A Tribute To My Mom
Tuesday, May 13th, 2008The following was written on Mother’s Day..
My childhood memories were a mixture of joy and pain. Having you dress me up for school, fixing my hair, giving me fairy tale books as presents, checking my notebooks when you come home from work, telling me stories of your childhood days were some of the things that have caused me joy. When you left to secure our future, I’ve experienced a certain kind of "emptiness" that later was giving me pain. I didn’t like it…I didn’t quite understand it…I grew up cold with you but such has only caused me much more pain. In my thirty’s now, I still can’t completely fathom the wisdom of your decision but I realized that never did you mean to hurt us, your children. You’ve sacrificed, bracing all dangers in a foreign land just so we can survive each day. You want us to know you’re happy even if you’re "bleeding." How do I know this? The smile on your lips doesn’t reach your eyes in those photos you sent back here…..

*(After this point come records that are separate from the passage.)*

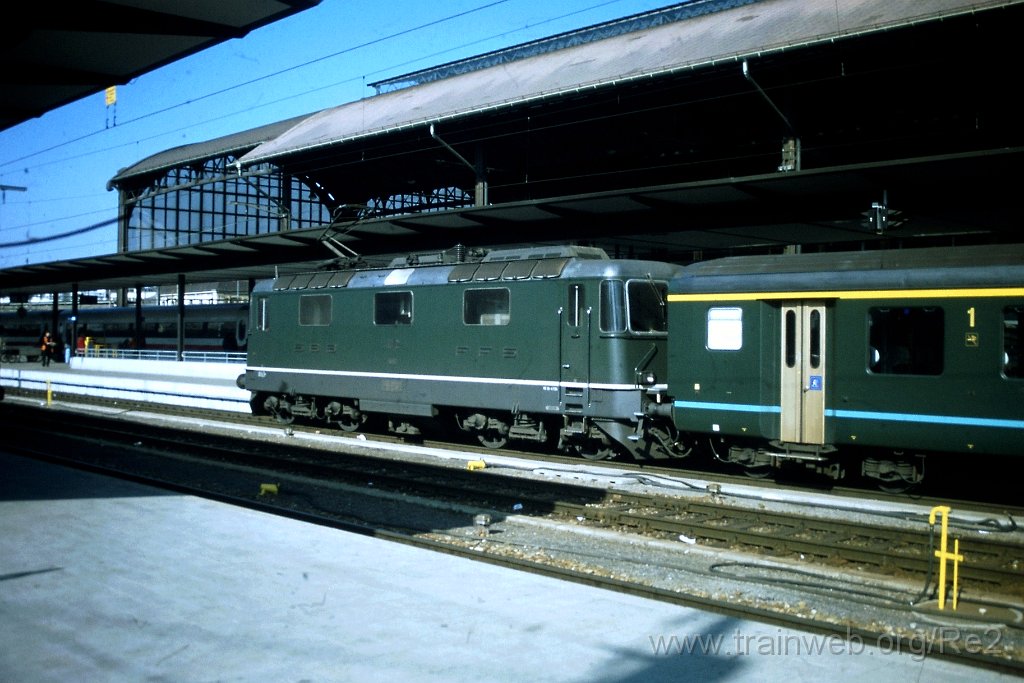 0703-0006.jpg - SBB-CFF Re 4/4'' 11142 / Basel 26.2.1998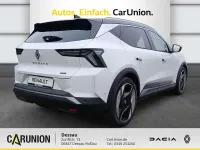 Używany Renault Scenic E-Tech Iconic 160 kW (218 KM) 2025 Biały SUV
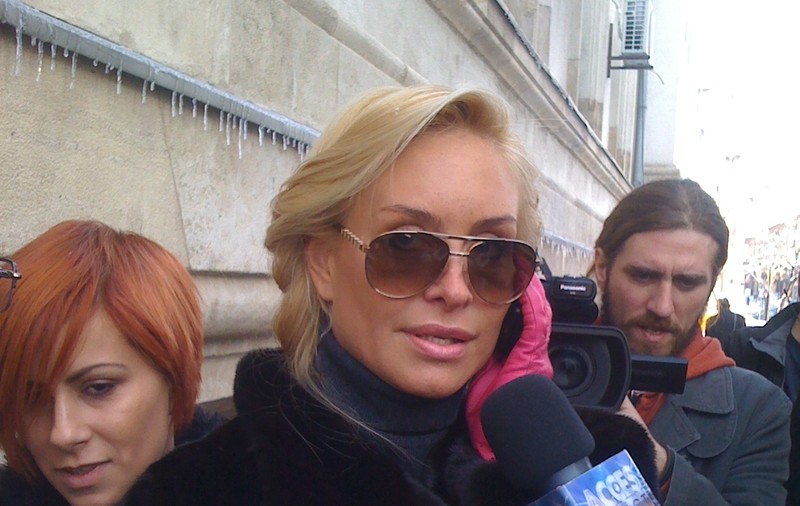 Celebra amantă Victoria Blohina, după ce selecţionerul Victor Piţurcă a lipsit de la procesul de paternitate: ”M-a dezamăgit!”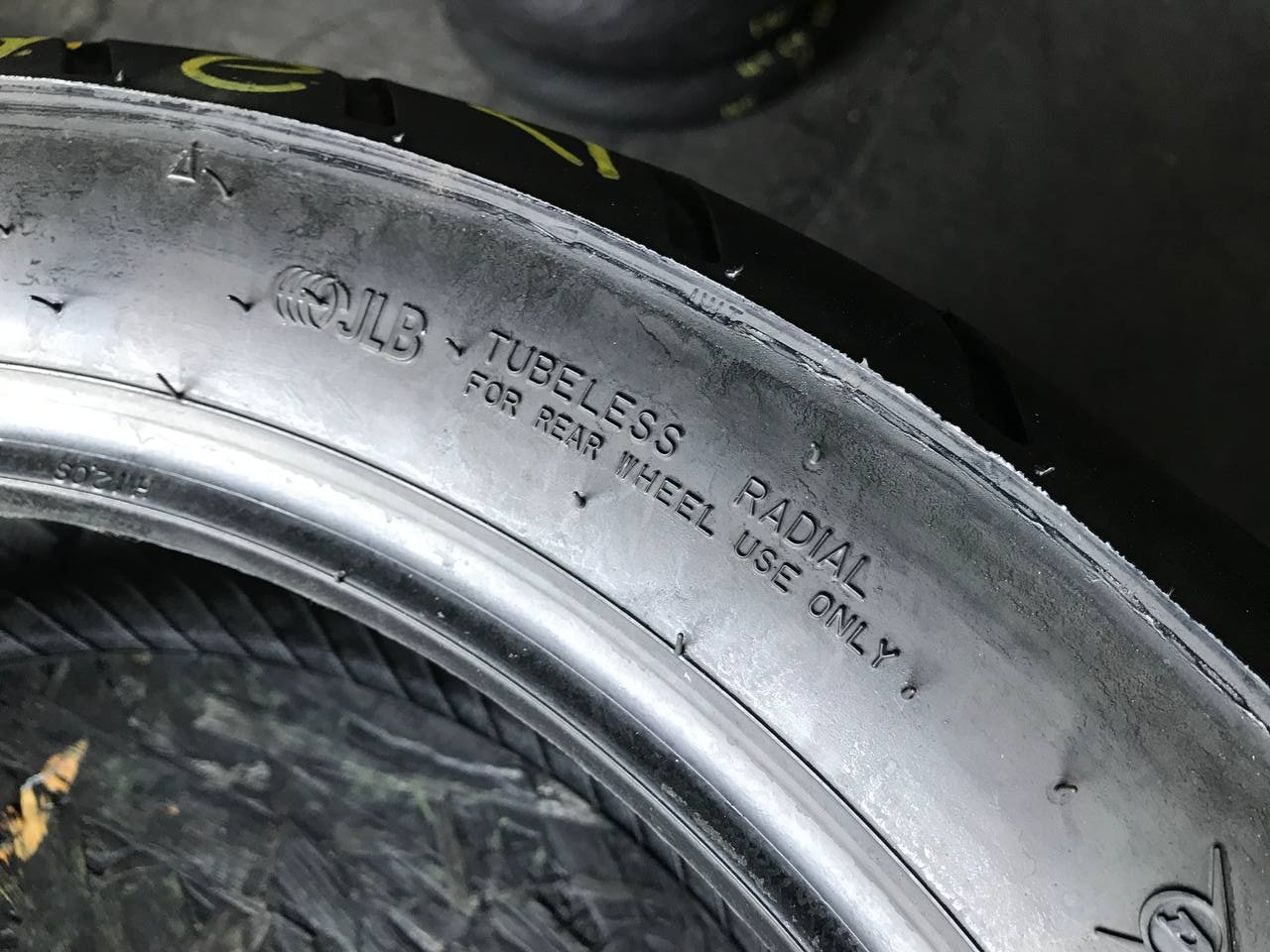 190/60 R17 Dunlop D251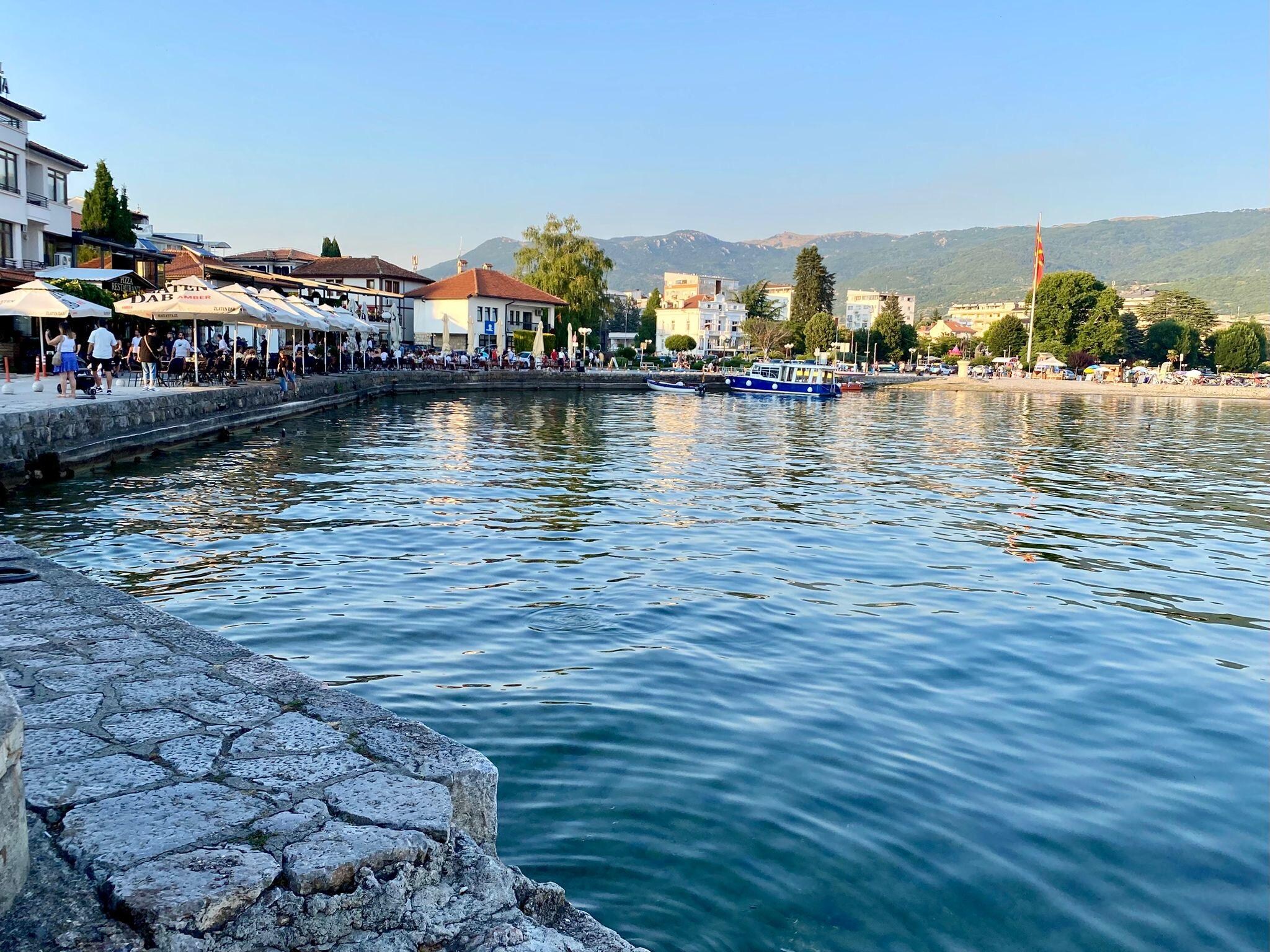 Dinner by the lake. Short walk from Villa Old Town.
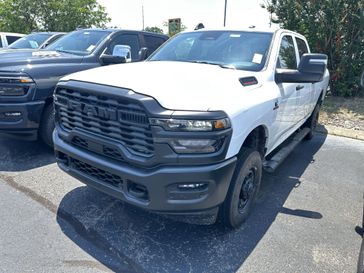 New 2025 RAM 2500 Tradesman Crew Cab 4x4 6'4' Box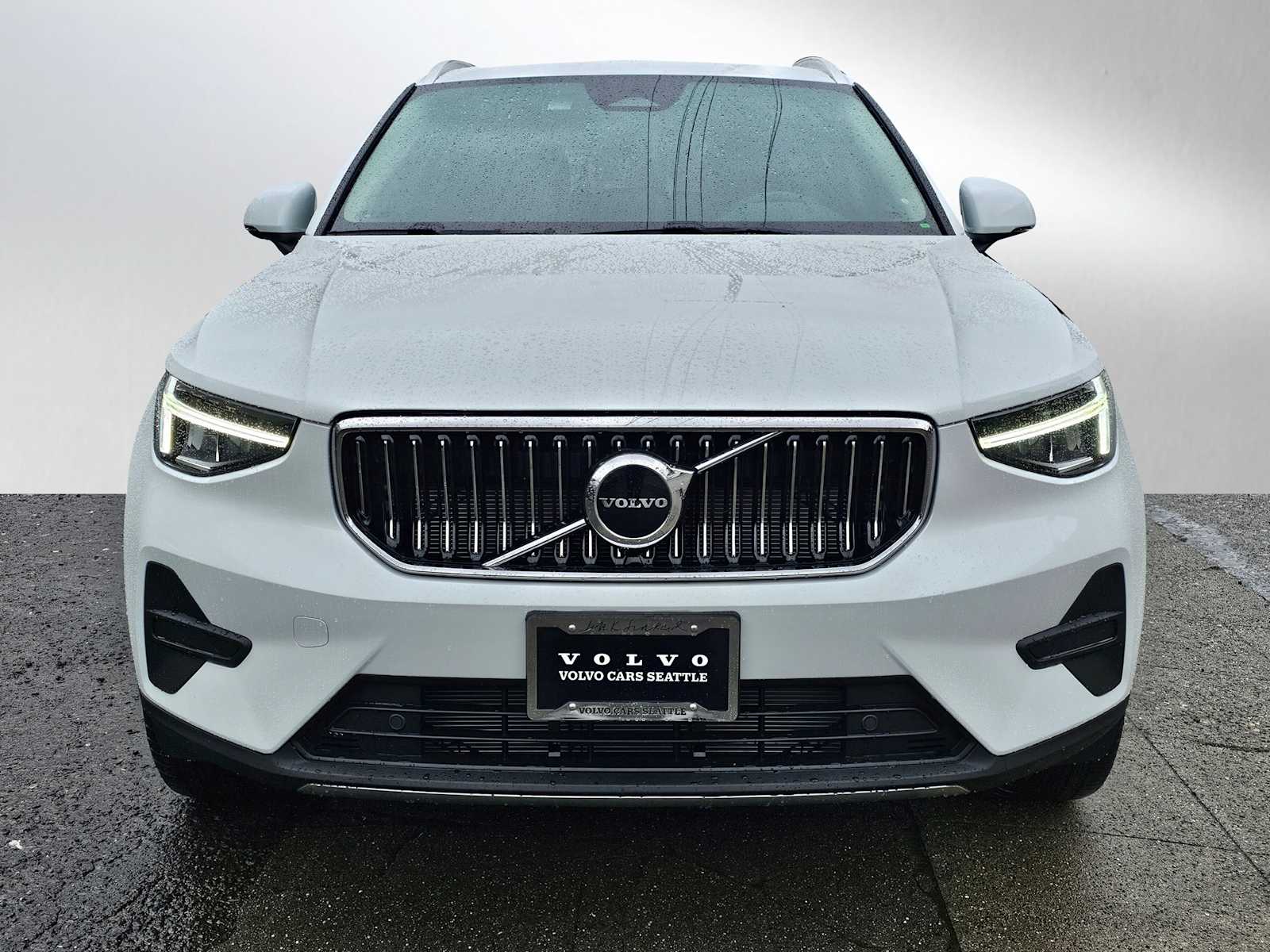 2025 Volvo XC40 Core photo 2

Come what may, I can never change the truth that you willingly submitted yourself to be our mother. You bore us in your womb for nine months and that was not easy. I’m not a mother and may never will but I’ve heard and read enough to convince me that indeed a woman who is giving birth finds half of herself in the grave. Life was difficult; you could have opted to deny this lifetime to us but you didn’t. You worked hard to make both ends meet; you managed to give us a portion of the so called "happy childhood." You put up a brave front if only to keep us well and good. Part of how I have become I owe it to you. I believe that you have made a great influence on my character, most especially. Optimism, resiliency, "the nothing can break me down" attitude, humility and love for life may not be of me if not because of you….
The Mommy I’ve known is crazy and carefree. I used to despise her for this but not anymore since I’ve realized almost a decade ago that she’s happy the way she is and she deserved to be happy what after all those struggles having to raise us up. Mommy is not perfect but she’s the best!